Charles Poor Kindleberger (October 12, 1910 – July 7, 2003) was an American economic historian and author of over 30 books. His 1978 book Manias, Panics, and Crashes, about speculative stock market bubbles, was reprinted in 2000 after the dot-com bubble. He is well known for his role in developing what would become hegemonic stability theory, arguing that a hegemonic power was needed to maintain a stable international monetary system. He has been referred to as "the master of the genre" on financial crisis by The Economist.

Life

Background

Kindleberger was born in New York City on October 12, 1910. He graduated from the Kent School in 1928, the University of Pennsylvania in 1932, and received a PhD from Columbia University in 1937.

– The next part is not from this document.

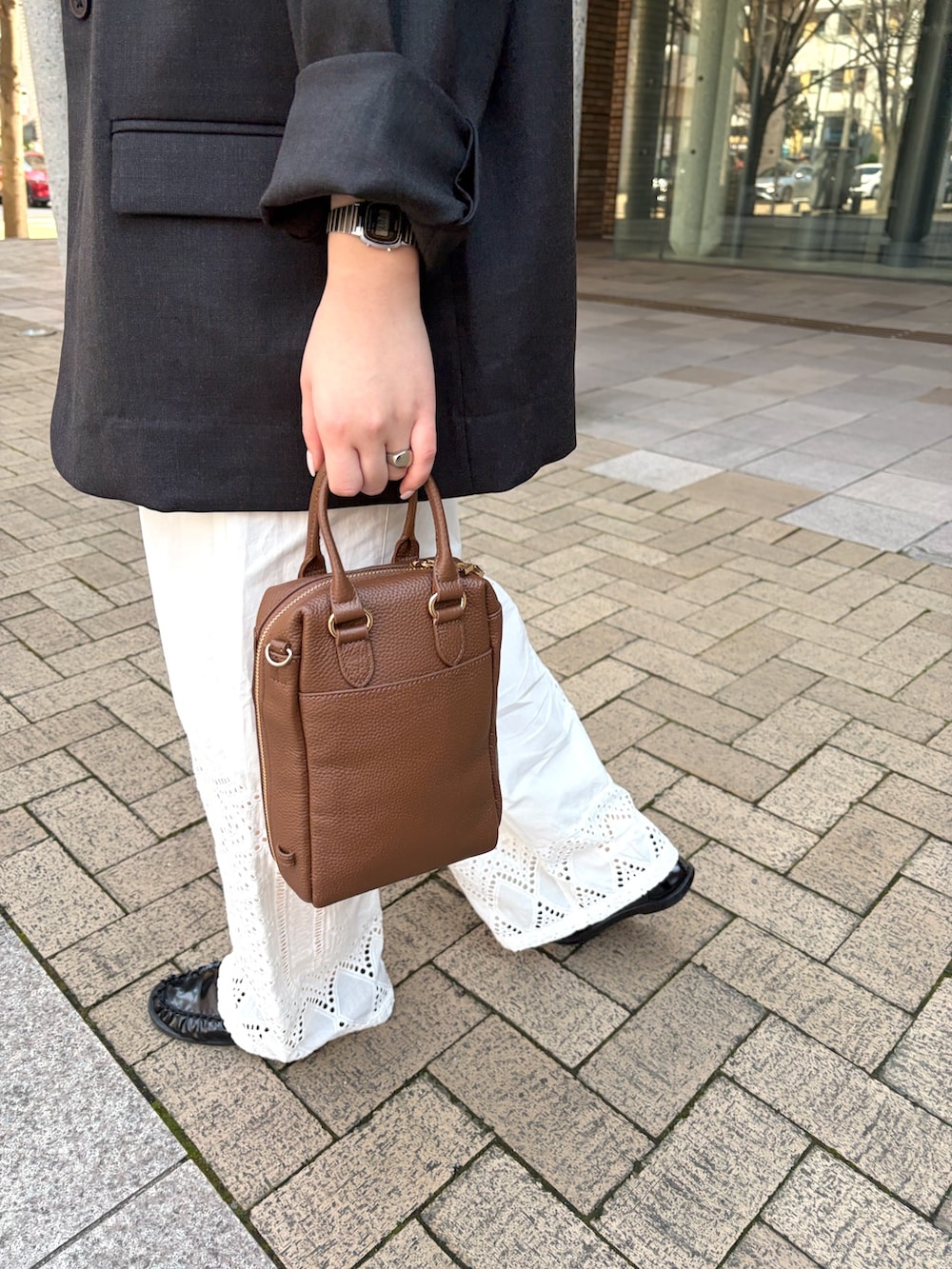 グレー系のその他アウター、ホワイト系のその他パンツ、ブラウン系のボストンバッグを着用したレディースの春コーディネートの3枚目の写真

During the summer of 1931, he traveled to Europe and attended a seminar hosted by Salvador de Madariaga, but, when the latter was appointed Spanish Ambassador to the United States, Kindleberger attended lectures at the Institute for International Studies in Geneva led by Sir Alfred Zimmern.

Government

Treasury
While writing his thesis, Kindleberger was employed temporarily in the international division of United States Treasury under the direction of Harry Dexter White.  He then joined the Federal Reserve Bank of New York full-time (1936–1939). Subsequently, he worked at the Bank for International Settlements in Switzerland (1939-1940), the Board of Governors of the Federal Reserve System (1940–1942).  During World War II, he served in the Office of Strategic Services (OSS).  From 1945 to 1947 he was Chief of the Division of Economic Affairs of Germany and Austria at the United States Department of State.

Marshall Plan

Kindleberger was a leading architect of the Marshall Plan. In 1945–1947 he served at the Department of State as Acting Director of the Office of Economic Security Policy, and briefly from 1947-48 as counselor for the European Recovery Program.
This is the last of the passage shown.